Old English tunge "tongue, organ of speech; speech, a people's language," from Proto-Germanic *tungō (source also of Old Saxon and Old Norse tunga, Old Frisian tunge, Middle Dutch tonghe, Dutch tong, Old High German zunga, German Zunge, Gothic tuggo), from PIE root *dnghu- "tongue."

For substitution of -o- for -u-, see come. The spelling of the ending of the word apparently is a 14c. attempt to indicate proper pronunciation, but the result is "neither etymological nor phonetic, and is only in a very small degree historical" [OED]. In the "knowledge of a foreign language" sense in the Pentecostal miracle, from 1520s. Tongue-tied is first recorded 1520s.
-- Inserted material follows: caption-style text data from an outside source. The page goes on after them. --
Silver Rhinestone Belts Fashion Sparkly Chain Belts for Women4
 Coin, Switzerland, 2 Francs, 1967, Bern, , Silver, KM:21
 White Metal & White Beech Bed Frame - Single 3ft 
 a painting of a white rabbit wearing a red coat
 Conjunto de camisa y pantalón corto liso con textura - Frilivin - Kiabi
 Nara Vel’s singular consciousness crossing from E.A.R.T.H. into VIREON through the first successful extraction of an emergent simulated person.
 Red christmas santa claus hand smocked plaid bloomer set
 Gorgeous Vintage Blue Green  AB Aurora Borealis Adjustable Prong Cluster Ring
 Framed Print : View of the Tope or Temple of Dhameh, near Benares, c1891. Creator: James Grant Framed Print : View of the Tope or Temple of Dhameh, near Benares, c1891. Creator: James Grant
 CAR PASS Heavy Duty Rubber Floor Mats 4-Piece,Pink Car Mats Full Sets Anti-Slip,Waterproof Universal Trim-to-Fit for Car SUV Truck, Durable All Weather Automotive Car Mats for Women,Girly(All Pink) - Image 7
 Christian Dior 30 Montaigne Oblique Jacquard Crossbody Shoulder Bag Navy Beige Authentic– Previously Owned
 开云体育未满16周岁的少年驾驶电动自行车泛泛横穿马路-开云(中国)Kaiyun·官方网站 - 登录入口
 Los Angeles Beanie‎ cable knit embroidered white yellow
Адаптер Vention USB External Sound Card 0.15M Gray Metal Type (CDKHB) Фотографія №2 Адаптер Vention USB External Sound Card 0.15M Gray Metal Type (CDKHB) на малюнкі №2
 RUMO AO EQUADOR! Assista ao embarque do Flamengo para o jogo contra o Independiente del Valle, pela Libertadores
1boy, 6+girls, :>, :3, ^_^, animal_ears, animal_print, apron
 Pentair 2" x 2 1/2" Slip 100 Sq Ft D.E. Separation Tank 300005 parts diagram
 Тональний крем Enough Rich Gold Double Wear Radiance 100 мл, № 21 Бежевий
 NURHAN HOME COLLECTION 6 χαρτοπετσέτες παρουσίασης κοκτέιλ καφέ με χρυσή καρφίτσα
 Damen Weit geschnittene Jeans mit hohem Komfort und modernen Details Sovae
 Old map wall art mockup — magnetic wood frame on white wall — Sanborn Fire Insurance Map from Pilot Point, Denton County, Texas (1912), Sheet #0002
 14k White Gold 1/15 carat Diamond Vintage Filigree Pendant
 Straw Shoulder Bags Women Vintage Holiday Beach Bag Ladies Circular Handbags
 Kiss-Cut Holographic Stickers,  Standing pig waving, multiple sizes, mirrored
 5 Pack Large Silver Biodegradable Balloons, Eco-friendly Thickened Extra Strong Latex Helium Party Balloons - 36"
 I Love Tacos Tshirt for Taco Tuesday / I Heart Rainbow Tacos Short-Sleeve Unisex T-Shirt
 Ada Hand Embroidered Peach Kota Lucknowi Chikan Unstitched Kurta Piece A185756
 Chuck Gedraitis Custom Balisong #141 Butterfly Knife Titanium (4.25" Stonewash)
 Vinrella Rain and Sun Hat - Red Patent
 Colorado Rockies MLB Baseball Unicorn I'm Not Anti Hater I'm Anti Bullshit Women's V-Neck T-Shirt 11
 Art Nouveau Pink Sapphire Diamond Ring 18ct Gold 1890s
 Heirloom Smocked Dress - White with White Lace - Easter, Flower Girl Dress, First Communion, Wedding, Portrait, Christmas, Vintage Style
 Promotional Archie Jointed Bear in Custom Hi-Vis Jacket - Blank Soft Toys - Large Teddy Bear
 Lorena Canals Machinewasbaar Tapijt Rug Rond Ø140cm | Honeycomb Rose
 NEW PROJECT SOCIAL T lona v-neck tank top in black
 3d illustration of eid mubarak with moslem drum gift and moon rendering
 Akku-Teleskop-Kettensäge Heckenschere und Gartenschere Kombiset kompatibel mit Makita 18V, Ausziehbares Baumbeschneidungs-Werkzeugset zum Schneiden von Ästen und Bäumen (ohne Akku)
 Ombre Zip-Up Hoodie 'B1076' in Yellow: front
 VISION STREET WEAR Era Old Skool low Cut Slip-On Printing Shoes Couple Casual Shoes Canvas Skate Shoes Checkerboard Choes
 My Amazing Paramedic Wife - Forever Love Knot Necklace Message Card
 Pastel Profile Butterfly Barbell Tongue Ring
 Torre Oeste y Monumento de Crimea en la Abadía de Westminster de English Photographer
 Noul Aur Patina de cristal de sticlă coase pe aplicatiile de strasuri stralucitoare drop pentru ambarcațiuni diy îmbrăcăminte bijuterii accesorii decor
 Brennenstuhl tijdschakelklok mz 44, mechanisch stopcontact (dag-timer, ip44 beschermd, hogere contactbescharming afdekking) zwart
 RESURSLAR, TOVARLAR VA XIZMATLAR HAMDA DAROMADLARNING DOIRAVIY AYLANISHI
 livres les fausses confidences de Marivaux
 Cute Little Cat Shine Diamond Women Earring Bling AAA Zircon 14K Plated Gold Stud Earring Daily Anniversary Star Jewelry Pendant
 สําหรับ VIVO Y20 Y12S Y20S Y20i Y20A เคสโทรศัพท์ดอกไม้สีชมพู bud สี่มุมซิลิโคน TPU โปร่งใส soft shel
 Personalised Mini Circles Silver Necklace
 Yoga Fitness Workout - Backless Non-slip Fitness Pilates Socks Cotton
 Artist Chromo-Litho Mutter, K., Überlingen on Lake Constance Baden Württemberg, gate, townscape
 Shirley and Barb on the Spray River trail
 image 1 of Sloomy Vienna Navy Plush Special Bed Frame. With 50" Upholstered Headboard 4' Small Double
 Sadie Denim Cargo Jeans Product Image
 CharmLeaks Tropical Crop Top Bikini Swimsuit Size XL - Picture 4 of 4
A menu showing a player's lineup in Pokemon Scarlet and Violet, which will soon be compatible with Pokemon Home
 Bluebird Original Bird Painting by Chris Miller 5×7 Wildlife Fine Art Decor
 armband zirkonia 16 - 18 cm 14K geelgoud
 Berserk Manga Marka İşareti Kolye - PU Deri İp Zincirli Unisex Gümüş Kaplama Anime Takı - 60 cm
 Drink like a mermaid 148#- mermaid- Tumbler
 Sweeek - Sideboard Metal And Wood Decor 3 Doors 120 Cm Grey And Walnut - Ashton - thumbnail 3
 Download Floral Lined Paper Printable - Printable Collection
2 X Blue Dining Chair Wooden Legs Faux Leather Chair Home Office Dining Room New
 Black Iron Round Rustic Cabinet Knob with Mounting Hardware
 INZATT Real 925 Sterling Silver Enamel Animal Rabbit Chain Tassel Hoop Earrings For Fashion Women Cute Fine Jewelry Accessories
To hold (one's) tongue "refrain from speaking" was in Old English. Johnson has tonguepad "A great talker."

Bewar of tungis double and deceyuable,
Which with ther venym infect ech companye,
Ther poynaunt poisoun is so penetrable.
[John Lydgate, Fall of Princes (c.1439)]

tongue (v.)

"to touch with the tongue, lick," 1680s, from tongue (n.). Earlier as a verb it meant "drive out by order or reproach" (late 14c.). Related: Tongued; tonguing.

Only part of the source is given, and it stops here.